Don't lump 'vote value disparity' issue with planned cuts in lawmakers
Both the ruling and opposition camps must place top priority on resolving what the judiciary has described as a "state of unconstitutionality" in the House of Representatives electoral system, and do everything possible to enact a bill that will alleviate the problem.
The government has presented to the lower house a bill that would change the demarcation of the chamber's single-seat constituencies by revising the Public Offices Election Law, with the aim of trimming the number of first-past-the-post districts by five to 295 from the current 300.
The bill would revamp 42 single-seat districts of 17 prefectures, including Tokyo, based on recommendations submitted in March to Prime Minister Shinzo Abe by an expert panel tasked with rezoning lower house constituencies.
If the bill becomes law, disparities in the weight of each vote on the basis of the 2010 national census will fall below 2:1 between the most and least populated districts, the ratio the Supreme Court has ruled as "being within the bounds of reasonableness."
No consensus on reform
In 17 administrative lawsuits filed over vote value disparity in the previous lower house election in December, high courts have handed down rulings of "unconstitutionality" in 15 of them. The Supreme Court is expected to rule on the issue as early as this autumn.
Given that this will have a bearing on its makeup, it is only natural that the the Diet should rectify state of unconstitutionality.
However, most opposition parties, including the Democratic Party of Japan, are poised to oppose the bill.
They say the bill would not abolish the system under which each of the 47 prefectures is automatically allocated one single-seat constituency, and the remainder of seats is apportioned among them, according to their populations. A 2011 Supreme Court ruling said this system should be scrapped because it was a major cause of vote value disparities.
DPJ Secretary General Goshi Hosono insists the government-submitted bill for eliminating five single-seat districts "doesn't go far enough to eliminate the state of unconstitutionality." He has called for consultations between the ruling and opposition blocs on drastically reforming the lower house electoral system, including slashing the large number of seats in the chamber.
It should be remembered, however, the DPJ agreed in November to a bill that would establish a framework for pruning five single-seat constituencies from the chamber. The party's latest tactic smacks of opportunism.
The parties remain far apart in their thinking on how the electoral system should be reformed. Given the slim chances of forming a consensus on this issue, it is the minimum responsibility of the legislature to pass into law as quickly as possible the bill to erase five seats.

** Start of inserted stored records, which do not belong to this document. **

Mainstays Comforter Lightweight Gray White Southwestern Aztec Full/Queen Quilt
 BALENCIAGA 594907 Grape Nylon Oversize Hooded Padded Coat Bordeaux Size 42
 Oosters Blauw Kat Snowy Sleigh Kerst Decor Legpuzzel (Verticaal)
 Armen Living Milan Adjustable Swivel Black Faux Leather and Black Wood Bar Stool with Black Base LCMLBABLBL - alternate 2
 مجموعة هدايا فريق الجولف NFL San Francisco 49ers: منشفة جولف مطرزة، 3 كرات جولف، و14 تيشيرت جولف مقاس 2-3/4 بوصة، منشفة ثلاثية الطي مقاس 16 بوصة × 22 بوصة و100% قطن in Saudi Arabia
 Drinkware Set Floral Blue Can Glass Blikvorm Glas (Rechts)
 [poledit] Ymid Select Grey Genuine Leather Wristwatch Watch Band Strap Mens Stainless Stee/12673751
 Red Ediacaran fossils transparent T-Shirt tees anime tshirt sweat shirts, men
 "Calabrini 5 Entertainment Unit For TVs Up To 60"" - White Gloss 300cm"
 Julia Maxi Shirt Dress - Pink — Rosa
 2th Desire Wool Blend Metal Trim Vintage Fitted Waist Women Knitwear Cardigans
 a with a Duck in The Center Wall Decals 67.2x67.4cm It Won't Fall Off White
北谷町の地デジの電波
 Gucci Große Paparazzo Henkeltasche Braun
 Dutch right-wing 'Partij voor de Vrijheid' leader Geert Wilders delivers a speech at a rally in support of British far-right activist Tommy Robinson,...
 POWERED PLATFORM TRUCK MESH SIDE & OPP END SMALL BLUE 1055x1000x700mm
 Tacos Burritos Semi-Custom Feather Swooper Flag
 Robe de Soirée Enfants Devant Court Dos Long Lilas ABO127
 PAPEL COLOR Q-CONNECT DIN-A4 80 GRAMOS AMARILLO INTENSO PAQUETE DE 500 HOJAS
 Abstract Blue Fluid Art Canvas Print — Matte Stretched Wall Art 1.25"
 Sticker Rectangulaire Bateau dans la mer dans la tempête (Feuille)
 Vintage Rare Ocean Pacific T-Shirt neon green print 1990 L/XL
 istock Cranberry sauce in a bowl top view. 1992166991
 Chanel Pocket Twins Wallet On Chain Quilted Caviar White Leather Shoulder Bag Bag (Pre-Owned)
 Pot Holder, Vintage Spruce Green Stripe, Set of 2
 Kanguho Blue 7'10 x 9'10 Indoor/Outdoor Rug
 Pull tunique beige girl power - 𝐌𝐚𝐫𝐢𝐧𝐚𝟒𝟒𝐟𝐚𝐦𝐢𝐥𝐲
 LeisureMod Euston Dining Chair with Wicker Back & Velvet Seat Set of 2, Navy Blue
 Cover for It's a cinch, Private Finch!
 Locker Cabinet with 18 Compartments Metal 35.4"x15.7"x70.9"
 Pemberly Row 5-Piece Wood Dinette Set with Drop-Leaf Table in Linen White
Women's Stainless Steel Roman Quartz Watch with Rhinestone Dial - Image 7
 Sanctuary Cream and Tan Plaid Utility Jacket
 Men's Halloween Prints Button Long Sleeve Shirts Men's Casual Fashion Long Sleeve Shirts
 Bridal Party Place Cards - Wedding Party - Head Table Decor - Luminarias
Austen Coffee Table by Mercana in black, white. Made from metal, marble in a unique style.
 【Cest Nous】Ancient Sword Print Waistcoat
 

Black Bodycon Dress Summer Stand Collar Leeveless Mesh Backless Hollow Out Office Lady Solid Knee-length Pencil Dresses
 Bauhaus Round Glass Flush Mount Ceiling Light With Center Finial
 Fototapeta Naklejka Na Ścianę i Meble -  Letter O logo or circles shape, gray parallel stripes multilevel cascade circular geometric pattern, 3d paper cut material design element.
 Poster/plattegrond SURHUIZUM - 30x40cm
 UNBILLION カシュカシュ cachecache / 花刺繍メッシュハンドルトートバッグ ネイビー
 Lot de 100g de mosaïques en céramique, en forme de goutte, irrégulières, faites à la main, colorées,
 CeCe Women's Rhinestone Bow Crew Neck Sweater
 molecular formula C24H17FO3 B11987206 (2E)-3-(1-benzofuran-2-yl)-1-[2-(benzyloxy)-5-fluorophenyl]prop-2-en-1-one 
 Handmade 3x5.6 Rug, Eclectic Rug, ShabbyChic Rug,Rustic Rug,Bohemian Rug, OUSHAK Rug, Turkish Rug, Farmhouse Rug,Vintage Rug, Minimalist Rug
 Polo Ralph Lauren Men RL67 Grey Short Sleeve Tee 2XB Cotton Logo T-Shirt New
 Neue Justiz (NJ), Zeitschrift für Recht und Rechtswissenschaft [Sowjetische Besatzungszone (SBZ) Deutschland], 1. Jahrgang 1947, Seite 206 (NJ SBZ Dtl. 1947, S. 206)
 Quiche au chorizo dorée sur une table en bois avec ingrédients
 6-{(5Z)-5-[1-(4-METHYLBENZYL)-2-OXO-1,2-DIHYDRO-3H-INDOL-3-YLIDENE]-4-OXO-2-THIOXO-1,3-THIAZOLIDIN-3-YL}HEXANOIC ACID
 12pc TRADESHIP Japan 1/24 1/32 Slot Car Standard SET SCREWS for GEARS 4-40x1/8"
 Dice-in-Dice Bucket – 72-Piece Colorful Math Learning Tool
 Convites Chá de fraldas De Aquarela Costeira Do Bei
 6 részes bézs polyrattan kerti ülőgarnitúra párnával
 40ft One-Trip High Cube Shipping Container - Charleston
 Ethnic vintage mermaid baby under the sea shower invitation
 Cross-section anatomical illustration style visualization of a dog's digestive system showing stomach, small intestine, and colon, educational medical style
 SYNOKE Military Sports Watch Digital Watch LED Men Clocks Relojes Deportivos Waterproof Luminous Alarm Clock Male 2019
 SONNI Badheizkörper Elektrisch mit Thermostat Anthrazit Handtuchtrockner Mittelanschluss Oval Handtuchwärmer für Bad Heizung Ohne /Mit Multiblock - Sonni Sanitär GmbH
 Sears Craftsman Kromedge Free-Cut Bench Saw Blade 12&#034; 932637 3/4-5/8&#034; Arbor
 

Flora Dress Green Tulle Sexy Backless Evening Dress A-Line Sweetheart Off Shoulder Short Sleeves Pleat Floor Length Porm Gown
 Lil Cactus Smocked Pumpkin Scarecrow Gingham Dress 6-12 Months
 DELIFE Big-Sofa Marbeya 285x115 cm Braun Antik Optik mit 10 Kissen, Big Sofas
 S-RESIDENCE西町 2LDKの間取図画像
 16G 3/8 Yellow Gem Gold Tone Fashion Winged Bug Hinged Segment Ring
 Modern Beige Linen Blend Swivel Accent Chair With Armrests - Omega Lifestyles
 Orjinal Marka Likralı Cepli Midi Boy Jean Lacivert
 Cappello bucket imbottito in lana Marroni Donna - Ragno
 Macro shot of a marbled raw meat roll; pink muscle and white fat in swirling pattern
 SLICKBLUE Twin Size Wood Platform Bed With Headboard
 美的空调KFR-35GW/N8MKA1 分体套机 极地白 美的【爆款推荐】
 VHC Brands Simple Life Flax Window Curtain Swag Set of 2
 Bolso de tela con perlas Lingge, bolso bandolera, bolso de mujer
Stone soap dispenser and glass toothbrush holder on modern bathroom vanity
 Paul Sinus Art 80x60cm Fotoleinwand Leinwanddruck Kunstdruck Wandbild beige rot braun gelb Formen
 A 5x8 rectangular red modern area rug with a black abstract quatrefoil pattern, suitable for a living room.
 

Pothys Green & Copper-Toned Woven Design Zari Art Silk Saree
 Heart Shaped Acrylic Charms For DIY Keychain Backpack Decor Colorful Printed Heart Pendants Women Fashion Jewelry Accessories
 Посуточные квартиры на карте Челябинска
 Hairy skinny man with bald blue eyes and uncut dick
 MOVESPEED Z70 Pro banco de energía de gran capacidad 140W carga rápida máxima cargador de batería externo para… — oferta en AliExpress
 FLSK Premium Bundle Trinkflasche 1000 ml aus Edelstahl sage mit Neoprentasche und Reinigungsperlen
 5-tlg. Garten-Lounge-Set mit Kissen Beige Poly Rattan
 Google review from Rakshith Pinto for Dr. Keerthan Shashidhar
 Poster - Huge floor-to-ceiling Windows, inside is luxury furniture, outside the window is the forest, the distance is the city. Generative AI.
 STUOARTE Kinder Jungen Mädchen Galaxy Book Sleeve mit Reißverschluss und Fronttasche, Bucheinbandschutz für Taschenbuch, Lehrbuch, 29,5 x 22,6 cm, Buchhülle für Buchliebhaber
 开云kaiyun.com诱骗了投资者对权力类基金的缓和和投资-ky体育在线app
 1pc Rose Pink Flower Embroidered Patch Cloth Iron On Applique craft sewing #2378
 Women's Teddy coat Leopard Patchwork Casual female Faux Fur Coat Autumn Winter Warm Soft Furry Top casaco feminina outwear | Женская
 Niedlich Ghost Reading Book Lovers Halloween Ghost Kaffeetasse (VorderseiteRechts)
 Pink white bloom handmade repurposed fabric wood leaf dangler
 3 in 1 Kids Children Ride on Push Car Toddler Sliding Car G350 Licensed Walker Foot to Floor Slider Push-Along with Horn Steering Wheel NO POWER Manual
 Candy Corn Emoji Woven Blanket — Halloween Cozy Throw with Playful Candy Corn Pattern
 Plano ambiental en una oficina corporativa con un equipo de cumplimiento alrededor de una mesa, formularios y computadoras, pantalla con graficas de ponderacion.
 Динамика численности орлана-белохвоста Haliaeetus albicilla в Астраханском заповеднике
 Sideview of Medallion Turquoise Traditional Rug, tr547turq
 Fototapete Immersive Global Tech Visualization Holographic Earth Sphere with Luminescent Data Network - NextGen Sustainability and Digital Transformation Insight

Fundamentally, the arguments by many parties for advocating reforms by linking them with the issue of reducing lower house seats are not reasonable.
In an apparent bid to justify its position, the DPJ insists Diet members should be willing to put themselves on the line to obtain public support for higher burdens the people will face due to looming increases in the consumption tax rate. The DPJ assertion, however, is completely unrelated to the issue of rectifying vote value gaps.
Revote may be inevitable
We have doubts about the debates among the parties that are seemingly vying over the number of seats to be cut. This seems little more than a populist tactic to garner support as the House of Councillors election draws near.
Japan has relatively few legislators per head of population compared with other developed nations. The legislature must ensure it functions to properly oversee the actions of the administration by representing the opinions of a wide spectrum of the public.
The ruling parties have floated an idea to make the bill, if it is voted down or is not put to a vote in the upper house due to a failure to agree on terms with the opposition, passed into law through a revote in the lower house in accordance with Article 59 of the Constitution.
Time is running out, as the current Diet session will be adjourned in June. The Diet must not let the "unconstitutionality" issue go unaddressed any longer. Under the circumstances, the government may have no option but to take a revote to legislate the bill as an emergency step.